Deixar o Real Madrid
“Pensei em sair, sim. Mas se saio daqui, estou dando o que querem aos racistas. Vou seguir lutando e jogando no melhor do mundo, ganhando títulos e fazendo muitos gols, para que vejam cada vez a minha cara. Sigo evoluindo para isso. Jogar futebol e fazer a alegria das minhas pessoas e de todos que vão ao estádio. Racistas sempre serão minoria. Como sou um jogador atrevido, que joga no Real Madrid e ganhamos muitos títulos, é complicado. Mas vou seguir firme e forte pois presidente me apoia, o clube me apoia, para que eu continue e possa ganhar muitas coisas”, desabafou Vini Jr.
O que frustra mais?
“A falta das punições. Se a gente começar a punir todas essas pessoas que cometem crime e aqui eles não consideram crime, vamos começar a evoluir, tudo vai ficar melhor para todo mundo. Faço tantas denúncias, muitas vezes chegam cartas para fazerem mais denúncias, mas no final acontece como aconteceu com meu amigo em Barcelona, eles arquivam o processo e ninguém sabe de nada. Se a gente começar a punir essas pessoas, não que eles vão mudar o pensamento, mas vão ficar com medo de falar, seja no estádio, onde tem câmeras… e assim vamos diminuir isso, colocar medo naquelas pessoas. E que eles possam também educar seus filhos. Muitas vezes aqui tem criança me xingando e eu não culpo a criança, porque eles não entendem, eu na idade deles não entendia o racismo. É complicado”.
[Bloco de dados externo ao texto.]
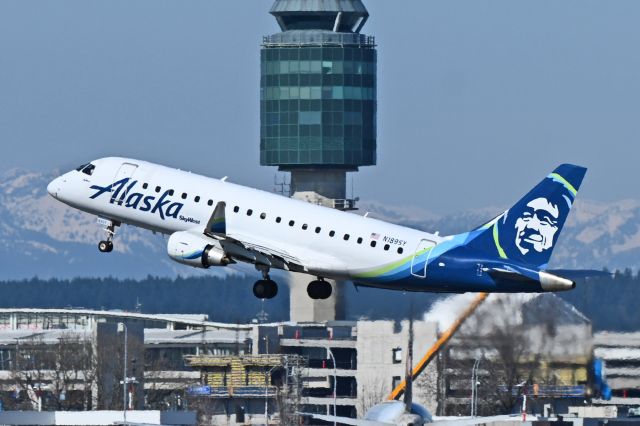 Embraer 175 (N189SY)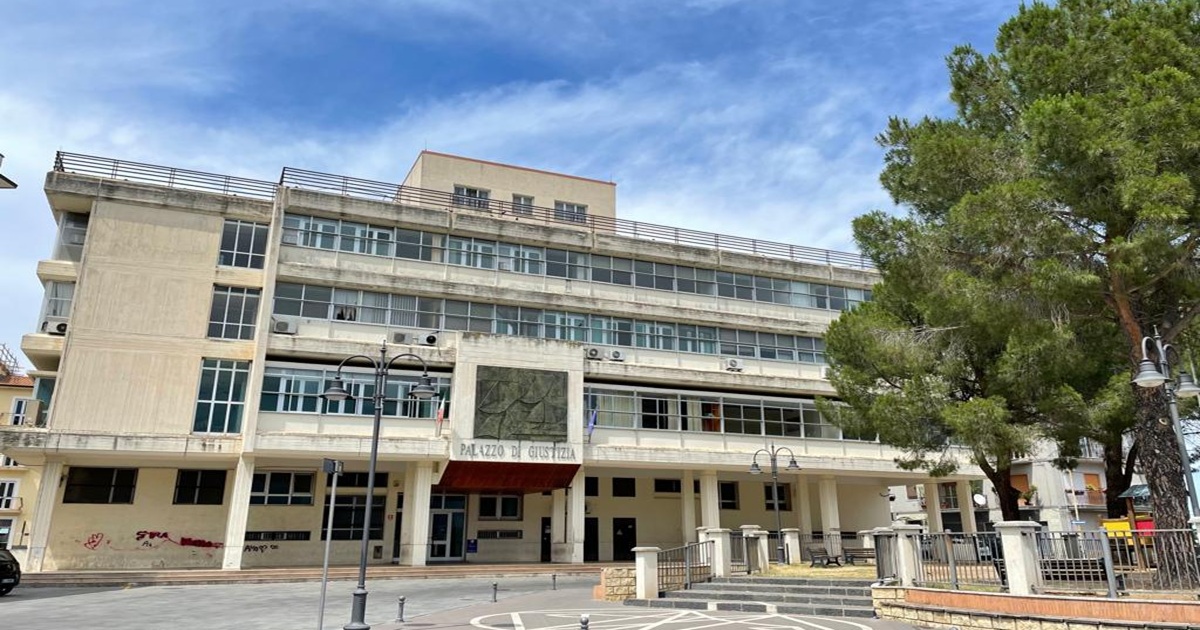 https://www.quotidianodelsud.it/wp-content/uploads/2026/06/tribunale.jpeg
“No futebol tem muitas pessoas, tantos jogadores melhores do que eu que já passaram por aqui, eu quero fazer com que as pessoas no mundo possam evoluir, melhorar, que possamos ter igualdade, que num futuro próximo haja menos casos de racismo, que as pessoas negras possam ter uma vida normal, como as outras. Quero seguir lutando por isso. Se fosse por mim, eu já teria desistido, fico em casa, ninguém vai me xingar, fazer nada comigo… Eu vou para os jogos com a cabeça centrada no jogo para fazer o melhor para minha equipe, mas nem sempre é possível. Tenho que me concentrar muito todos os dias”, revelou Vini Jr., entre lágrimas.
Apoio dentro e fora de campo
“Quero agradecer desde já a todos os jogadores da Espanha que sempre que dão entrevista estão me apoiando, fazendo tudo para que a Espanha mude seu pensamento. Não só a Espanha, em todo lugar tem muito racismo. Espero que a gente possa fazer tudo para diminuir cada vez mais o racismo. Os jogadores da Espanha estão me ajudando muito, falando coisas que no início só eu falava. Sempre peço que Fifa, Conmebol, Uefa possam fazer mais coisas, como a CBF está fazendo, vem me ajudando para que possamos evoluir como seres humanos, para que todos possam estudar para ver o que os pretos passam e passaram. O que eu passo não é nem perto do que todas essas pessoas passaram. Eu quero lutar por aqueles que são pretos”, disse Vinícius Júnior.